IT'S ALL IN HOW YOU FRAME IT

IT'S ALL IN HOW YOU FRAME IT

It is clear from conversations with educators from throughout the country that high stress and a sense of overwhelm is a condition of epidemic proportion in our schools today. Clearly, we must equip and empower educators by providing them with increased levels of support, streamlined structures, and efficient strategies so they may better serve their students. Anyone who is familiar with Thinking Maps? can readily recognize the potential the Maps have to significantly increase student engagement as well as reduce stress and this sense of overwhelm for educators.

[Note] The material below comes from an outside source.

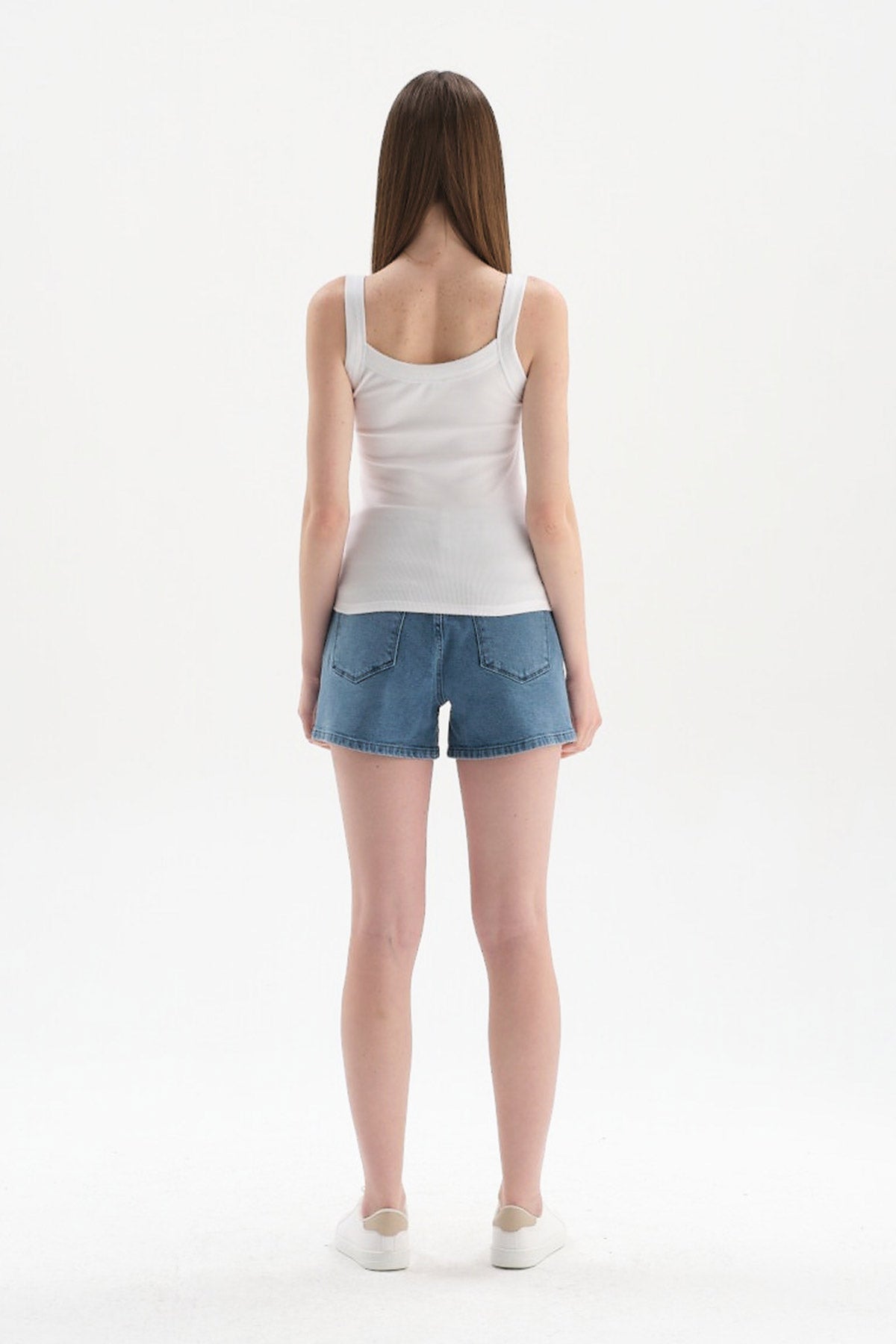 WHITE STRAPPY ATHLET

 While the use in schools of Thinking Maps, a common visual language for learning, facilitates a greater sense of consistency across grade levels and content areas, the use of the Frame of Reference significantly enhances the impact of the Maps. This powerful meta-cognitive tool serves to enlighten teachers with insight into the sources, unique perspectives, and personal purpose students bring to their learning. While this enhancement to the cognitive visual organization makes the learning more meaningful for students, the teacher’s knowledge of this information allows them to connect on a deeper level with their students. Information noted in the students’ Frames of Reference greatly facilitate teachers’ efforts to enjoy enhanced relationships with students and to the make learning more relevant for them.

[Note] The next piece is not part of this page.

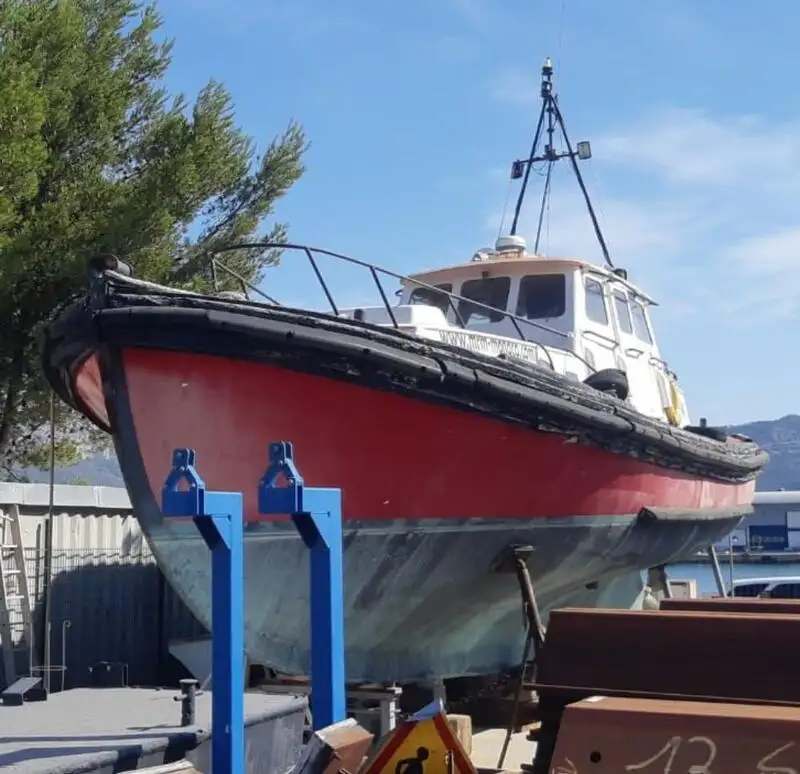 Barco piloto à venda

Use of the Frame of Reference around a Thinking Map provides a place for students to capture sources of the information organized in the Map, serves as a place to identify their unique point of view/perspective, and to answer the questions SO WHAT? and SO WHY? Having students talk information off the Maps deepens levels of understanding, builds oral language proficiency, and leads to improved writing skills as well. While neurological research supports the cognitive impact of visually patterned approaches to learning, the brain also responds favorably to the personal and purposeful information students add to their Frame of Reference.

 As a former principal, I experienced an instance where one of my teachers struggled greatly with the academic performance of students in her classroom. To remedy this, I tried changing her grade level, as I thought perhaps she would be more effective with students of a different age. When that proved unsuccessful, I changed the content area for which she would be responsible, thinking perhaps she would be a more effective math teacher than language arts teacher. This move also proved unsuccessful. This was a teacher who attended all professional development sessions, arrived to school early and stayed late, produced detailed lesson plans, and was highly professional and cooperative. Unfortunately for her and her students, needed levels of learning were not taking place in her classroom.

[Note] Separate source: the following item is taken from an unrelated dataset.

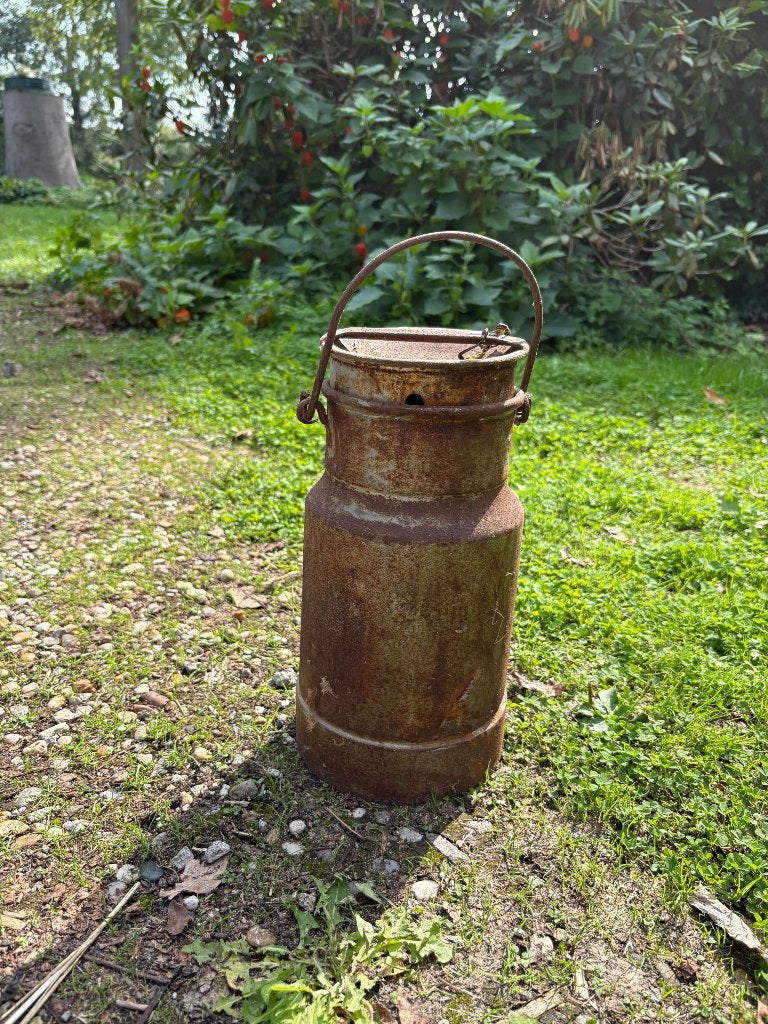 Oud roestig karnemelk busje, Antiek en Kunst, Ophalen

Frustrated that the changes I made and the professional development I provided were not having the desired impact, I asked to teach her class one morning. After all, I had 10 years of classroom teaching experience, so I thought I would try to determine what was causing the disconnect between teaching and learning. Immediately, I worked to make personal connections with the students which allowed me to make more relevant connections to what was being taught. The result was high levels of engagement and students seemed to be effectively grasping the information and concepts being taught. The teacher remarked that the student responses indicated a level of understanding she had not previously witnessed. I wished I had a specific system or strategy I could have shared with her at that time, however I had not yet been exposed to Thinking Maps or the Frame of Reference.

 Nearly a year later, when I was principal of another school, I was first introduced to Thinking Maps at a national conference. Immediately, I thought of that teacher and how she and her students would have especially benefited from the Frame of Reference. Her students would have sensed their unique thoughts, perspectives, and background experiences were honored and valued. This would have led to higher levels of engagement, deeper levels of learning, and improved levels of achievement. Additionally, asking students to consider information from an alternate perspective and/or point of view would have served to build a greater sense of empathy.

 Using the Frame of Reference as a tool to acknowledge and value students’ unique experiences and perspectives and build their sense of empathy, will help to insure their social emotional learning is addressed as well. This is a powerful reason why the Frame of Reference should be used consistently in all classrooms. The resulting increases in student engagement and success will greatly help to cure the epidemic of stress and overwhelm experienced by educators and students and will bring needed joy back to teaching and learning.


I can relate to "It's All in How You Frame It," in my professional and personal life.